Issue with containers using the nvidia-container toolkit failing after upgrade to 42

Hello all! I have been experiencing an issue with containers using the nvidia-container toolkit, specifically gpu enabled ollama after the Fedora 42 upgrade. After the upgrade, the container now fails to start and hangs in a status of Unknown. The error when starting is:

FATA[0000] failed to create shim task: OCI runtime create failed: runc create failed: unable to start container process: error during container init: error running createRuntime hook #0: exit status 1, stdout: , stderr: nvidia-container-cli: mount error: failed to add device rules: unable to find any existing device filters attached to the cgroup: bpf_prog_query(BPF_CGROUP_DEVICE) failed: operation not permitted.

I am using nerdctl 2.0.4/containerd in rootless mode. I could potentially use Docker, however, am investigating it as a Docker replacement.

After some Googling, I tried the suggested

sysctl -w kernel.unprivileged_bpf_disabled=0

Which did not fix the issue. I further went so far as to put SELinux into permissive mode which did not work either.

I only got my gpu enabled containers working again by rebooting back into Fedora 41. I require the use of the gpu as I am doing alot of AI projects. Sure I can disable gpu access in the containers, but what is the point. More over, I am not looking forward to the weekly snapshot if it rolls over my current working 41 slot…

Any suggestions or anything that I overlooked would be much appreciated.

I have been using Aurora for the last 3 months and have been really happy with it until this issue came along.

Hello All!

A bit of a self reply as I work through potential resolution scenarios.

The first is that after being properly configured to use the nvidia container toolkit, Docker
running as a root daemon, works without issue. This seems to further indicate that it is a
change in permission configuration issue between Aurora 41 and 42.

nerdctl, running as a rootless daemon to a user level containerd process requesting
gpu services worked in Aurora 41. 42, not so much.

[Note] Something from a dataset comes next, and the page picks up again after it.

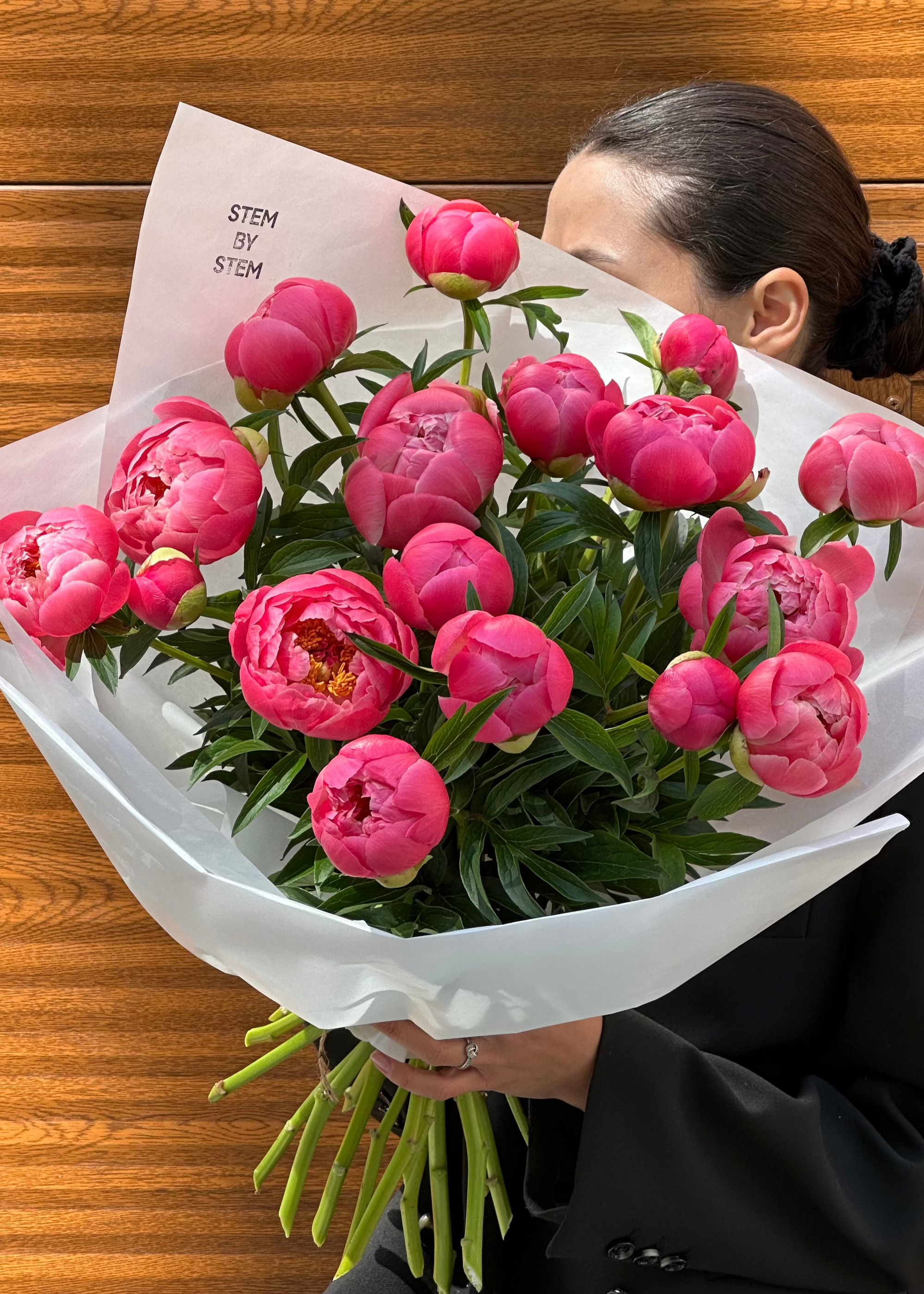 Mono | coral peonies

For the record I am interested in using nerdctl as a cli to containerd as it is a proving
ground for other technologies like image signing, encrypted images, on-demand
loading of image layers and others. Podman is fine, but has its own niggles and
nerdctl works as a drop in replacement without having to worry about whether the
image runs a root or not and requires no configuration. Podman does.